Drawing comparisons between the Indian Army’s surgical strikes to Israel’s actions against its enemies, Prime Minister Narendra Modi on Tuesday gave loud indications that India’s conventional policy of “strategic restraint” is over.

Sources say that in order to call Pakistan’s bluff on using nuclear weapons, India may change its nuclear doctrine to allow for proportionate or proportionate-plus responses to nuclear attacks while simultaneously building a decisive hard-power edge to signal credibility (deterrence by punishment).

Addressing his parivartan rally in Mandi in Himachal Pradesh, Modi, while praising the Army’s valour, said that they have attained the same feat as Israel. “These days, the whole nation is talking about the bravery of our army. Our army is not less than anyone. We used to hear about similar feats from Israel, but today, everyone knows Indian Army is no less capable,” he said. Israel is known for its targeted military strikes against enemy countries and militant outfits.

Last June, Israel’s Ambassador in India, Daniel Carmon, while supporting Indian Army’s crossing over to Myanmar to destroy the camps of the Nationalist Socialist Council of Nagaland (Khaplang), had said that the international community should respect the right of countries to protect their boundaries and values.

Over the past many weeks, Defence Minister Manohar Parrikar has credited the Prime Minister and the government’s “guts” in authorising the raids, which were seen as a response to the attack in Uri, in which 19 Indian soldiers were killed by Pakistani terrorists. The Congress has called these statements as BJP’s attempts at drawing political capital out of the army operation ahead of assembly elections in UP.

Underscoring his commitment to the welfare of armed forces, Modi said that his government had fulfilled its promise of One Rank, One Pension for ex-servicemen, an issue which he said had been hanging for over 40 years.

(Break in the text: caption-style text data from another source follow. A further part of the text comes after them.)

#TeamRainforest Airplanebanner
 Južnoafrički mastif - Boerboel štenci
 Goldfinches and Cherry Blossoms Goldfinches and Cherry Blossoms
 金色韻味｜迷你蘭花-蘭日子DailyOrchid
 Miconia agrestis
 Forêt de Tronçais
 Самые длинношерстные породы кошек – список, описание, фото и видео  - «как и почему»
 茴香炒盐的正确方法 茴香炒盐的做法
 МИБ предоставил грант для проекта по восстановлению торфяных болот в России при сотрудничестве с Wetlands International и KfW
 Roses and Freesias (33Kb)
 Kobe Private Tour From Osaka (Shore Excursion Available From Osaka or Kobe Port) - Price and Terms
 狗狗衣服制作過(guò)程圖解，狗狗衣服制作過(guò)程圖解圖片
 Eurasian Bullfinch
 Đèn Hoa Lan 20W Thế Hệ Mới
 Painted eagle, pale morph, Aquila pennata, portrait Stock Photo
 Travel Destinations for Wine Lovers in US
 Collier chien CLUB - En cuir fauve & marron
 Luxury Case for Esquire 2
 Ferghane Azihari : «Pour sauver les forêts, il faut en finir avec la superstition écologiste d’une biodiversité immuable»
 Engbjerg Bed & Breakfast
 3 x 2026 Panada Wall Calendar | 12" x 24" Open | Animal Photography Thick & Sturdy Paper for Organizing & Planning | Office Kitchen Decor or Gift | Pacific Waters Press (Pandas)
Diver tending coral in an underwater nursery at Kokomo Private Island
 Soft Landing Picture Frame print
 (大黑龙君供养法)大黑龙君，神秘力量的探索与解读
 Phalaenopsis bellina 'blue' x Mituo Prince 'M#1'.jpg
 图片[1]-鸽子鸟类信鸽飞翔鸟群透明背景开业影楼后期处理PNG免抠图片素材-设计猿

Previous governments, he said, duped the people by making tall claims and some of them even allocated Rs 200 crore-500 crore, but never did an analysis of the cost burden and how it could be executed.

“I did it and was puzzled to find that the economic burden kept rising. It worked out to be more than Rs 10,000 crore,” he said, adding that it was difficult for any government to make such a big allocation in one go. Modi said he spoke to the armed forces and offered to release the money in four instalments to which they agreed. “Over Rs 5,500 crore in first installment has been given. A promise hanging fire for the last 40 years has been fulfilled,” he said.